Doping Dependence of Polaron Hopping Energies in La(1-x)Ca(x)MnO(3) (0<= x<= 0.15)

TL;DR

This study investigates how doping levels affect polaron hopping energies in La(1-x)Ca(x)MnO(3), revealing insights into charge transport and magnetic states near the insulator-metal transition.

Contribution

It provides experimental measurements linking dielectric and resistivity data to polaron hopping energies across different doping levels.

Findings

Polaron hopping energies vary with doping.

Charge-carrier hopping activation energies match resistivity data.

Insulator-metal transition is hindered by ferromagnetic insulating state.

Abstract

Measurements of the low-frequency (f<= 100 kHz) permittivity at T<= 160 K and dc resistivity (T<= 430 K) are reported for La(1-x)Ca(x)MnO(3) (0<= x<= 0.15). Static dielectric constants are determined from the low-T limiting behavior of the permittivity. The estimated polarizability for bound holes ~ 10^{-22} cm^{-3} implies a radius comparable to the interatomic spacing, consistent with the small polaron picture established from prior transport studies near room temperature and above on nearby compositions.
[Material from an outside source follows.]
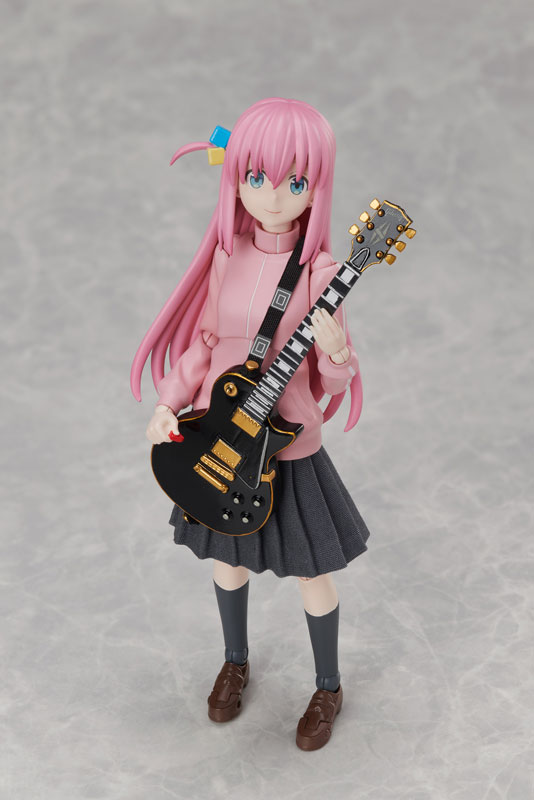 AmiAmi [Character & Hobby Shop]  Nendoroid Doll Anime BOCCHI THE ROCK!  Hitori Gotoh(Pre-order)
Relaxation peaks in the dielectric loss associated with charge-carrier hopping yield activation energies in good agreement with low-T hopping energies determined from variable-range hopping fits of the dc resistivity. The doping dependence of these energies suggests that the orthorhombic, canted antiferromagnetic ground state tends toward an insulator-metal transition that is not realized due to the formation of the ferromagnetic insulating state near Mn(4+) concentration ~ 0.13.